By Rachel Armstrong
April 30 | Tue Apr 30, 2013 5:15am EDT
April 30 (Reuters) - Hong Kong's Court of Final Appeal has abruptly dismissed a challenge to the powers of the city's market regulator brought by hedge fund Tiger Asia, validating the watchdog's use of civil courts in a stepped-up campaign against financial misdeeds.
The U.S.-based fund was challenging whether the Securities and Futures Commission (SFC) was legally empowered to sue it in the civil courts if it had not been found guilty of any offence in the city's criminal courts or at a market tribunal.
However, the court dismissed the fund's case on Tuesday surprisingly quickly after hearing representations from the fund's lawyers. The judges will provide their reasons at a later date.

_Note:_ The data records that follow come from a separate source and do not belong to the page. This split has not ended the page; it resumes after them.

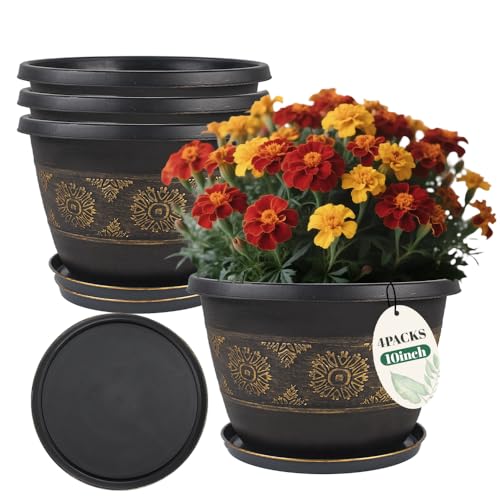 10 Inch Plant Pots (4 Count)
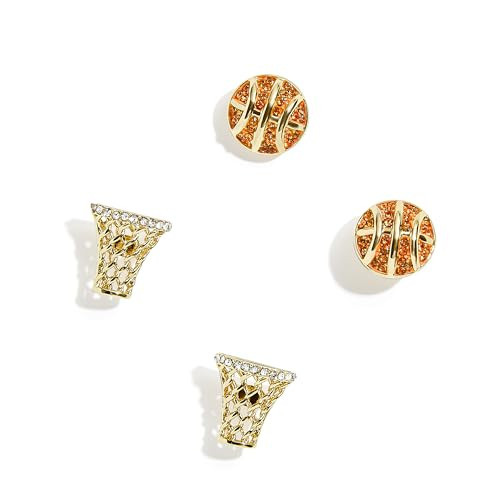 BaubleBar Three Pointer Earring Set - Fun Basketball and Hoop Statement Earrings, Novelty Earrings for Women, Costume Jewelry | Amazon (US)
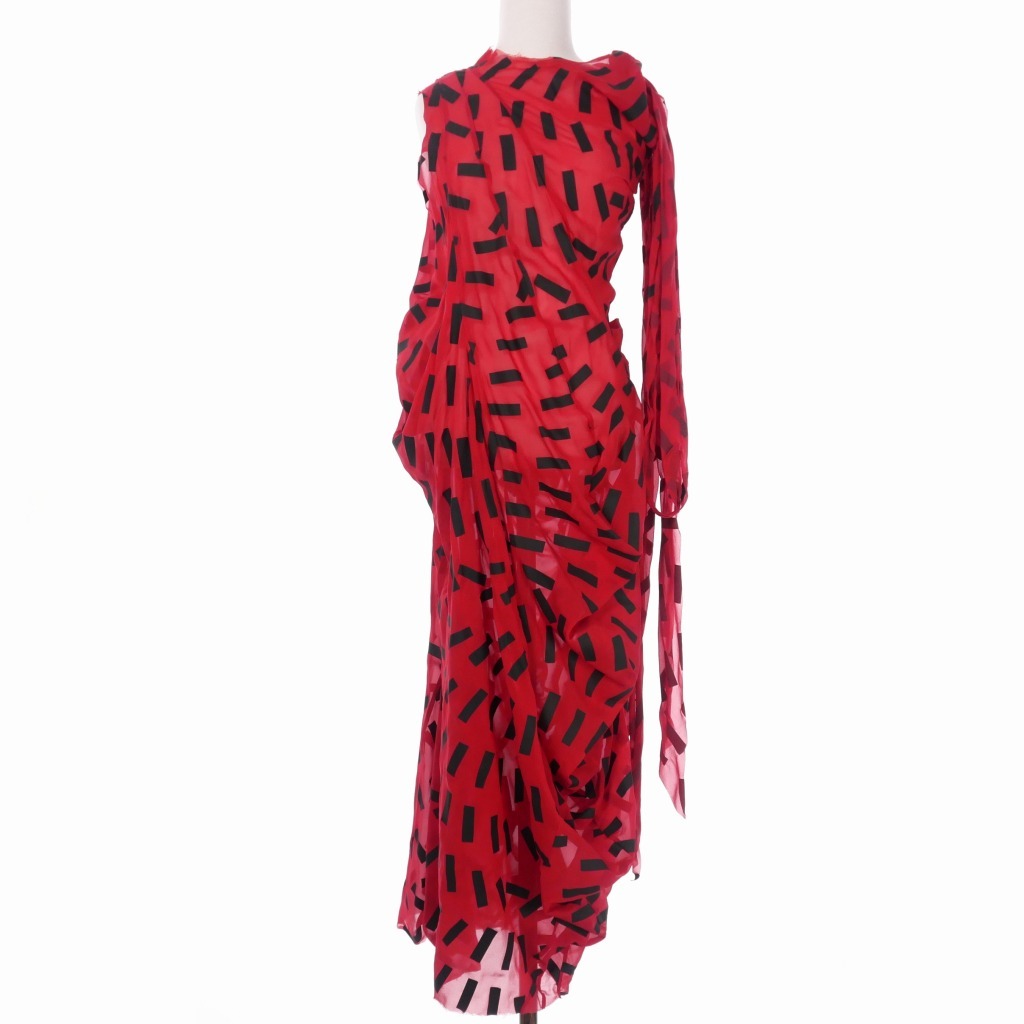 не использовался товар mezzo n Margiela Maison Margiela белый бирка 21SS Co-Eddore-p безрукавка длинное платье One-piece общий рисунок 38 красный красный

The SFC had alleged the fund engaged in insider dealing in the stocks of China Construction Bank Corp and Bank of China Ltd in 2008 and 2009 but was unable to take criminal action against it or its staff since they were all based outside of Hong Kong.
The regulator asked the civil courts to freeze some of the fund's assets and ban it from trading in the city's financial markets.
The case was seen as a major test of the scope of the SFC's authority under section 213 of Hong Kong securities law, which gives the regulator wide powers such as issuing restraining orders and voiding contracts, but had been put to limited use until recent years.
The regulator argues it is vital that it be able to use the courts to obtain these types of remedies, given that so many investors and companies in Hong Kong's markets are based overseas.
"The decision by the Court of Final Appeal vindicates our position and our strategy in seeking remedial orders under section 213," said the SFC's enforcement head, Mark Steward.
Tiger Asia admitted last December to charges brought by the U.S. Securities and Exchange Commission (SEC) of wire fraud in connection with the trades in the Chinese bank shares that the SFC alleged were illegal.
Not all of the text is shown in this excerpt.